The Supreme Court released its opinion earlier today in Lamps Plus, Inc. v. Varela, No. 17-988 (click here for a copy of the decision).
This employment class action case involved a data breach of tax information for about 1,300 employees. Both the district court and appellate court construed the arbitration clause as permitting class arbitration. The Ninth Circuit reasoned that the arbitration clause was ambiguous regarding class arbitration, and under California contract law, ambiguities are construed against the drafter. Hence, class arbitration should be allowed.
However, according to the Supreme Court’s majority, under the FAA, an ambiguous arbitration agreement cannot provide the required contractual basis for compelling class arbitration. The majority reasoned that class arbitration is fundamentally different from “traditional” individual arbitration and undermines the benefits of traditional arbitration. As a result, the FAA requires “more than ambiguity to ensure that the parties actually agreed to arbitrate on a classwide basis.”
One can view the holding of this case as loosely analogous to the Moses H. Cone presumption in arbitration law. The FAA is construed as involving a hybrid application of both state and federal law. Whether an arbitration agreement exists is determined by looking at state contract law, but subject to certain federal standards of interpretation. For example, under the Moses H. Cone presumption, doubts concerning the scope of arbitrable issues should be resolved in favor of arbitration. Similarly, one can view the holding from Lamps Plus as setting forth another interpretive rule: ambiguities about whether an arbitration clause permits class arbitration should be resolved in favor of bilateral arbitration.
A few other observations: The Court seems to leave undisturbed its prior decision in Oxford Health. If an arbitrator construes a contract as involving class arbitration, the arbitrator’s decision, even if erroneous, may still stand under the narrow judicial review of arbitral awards.

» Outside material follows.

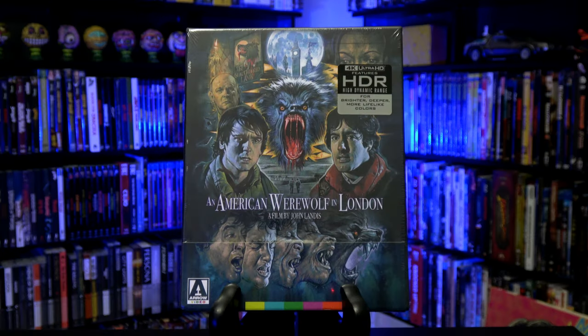The year is 1981, and director John Landis is hot off of directing his two comedy films, Animal House and The Blues Brothers. But now he is going to pay tribute to the classic Universal Monsters, reinvent the wolfman story for the modern era, and create one of the all-time greatest werewolf films in the process. So for today's unboxing, we are going to be having a look inside of Arrow Video's new limited edition 4K UHD release of An American Werewolf in London.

Also, others, such as Professor Jill Gross, have criticized the Court’s treatment or conceptualization of “traditional” arbitration as a uniform, simple process. This view of arbitration fails to take into account the rich variety of settings involving arbitration. In other words, it is not fair to presume that arbitration must always be simple, low-cost, or speedy. Parties, if they desire, can agree to complex arbitration procedures rivaling the procedures of a court. In the Dean Witter case from 1985, the Supreme Court viewed the FAA as requiring courts to implement the intent of the parties, without a concern for the efficiency of proceedings. Also, earlier this year, the Court in New Prime and Henry Schein appeared to reject policy-driven arguments in connection with the FAA, while a policy of promoting efficiency seems to drive the majority decision in Lamps Plus.
Just like with Concepcion, American Express, and Stolt-Nielsen, the majority’s opinion here is probably not really about the FAA or arbitration at all, and instead is more about the majority’s dislike for class procedures.
This decision is grounded in the majority’s implacable hostility to “Class Proceedings” in any form, fashion or forum. Still unresolved, and offering a few rays of hope in light of the Court’s other arbitration jurisprudence, is what analysis will command a majority when the issues do NOT relate to any “class” activities.
Other fundamental arbitration issues, such as the “Neutrality” of the tribunal, inadequate or misleading disclosures by arbitrators or the (il)legitimacy or (non)neutrality of the sponsoring forum, [remember the late unlamented Arbitration Forum or the fraudulent forums in the consumer loan or construction areas] appear to remain in play as issues for consideration. Sadly, the majority’s analysis relies on a halcyon hallucination of cost effective, expert and efficient arbitration that has not existed for decades. The Forced Arbitration Injustice Reform Act now includes relief for “small businesses.” That acknowledges “small businesses” are as abused by adhesive arbitration agreements as consumers and employees. Those of us representing “small business” can and have seen clients bankrupted by AAA arbitration fees and insidiously abusive procedural Rule traps.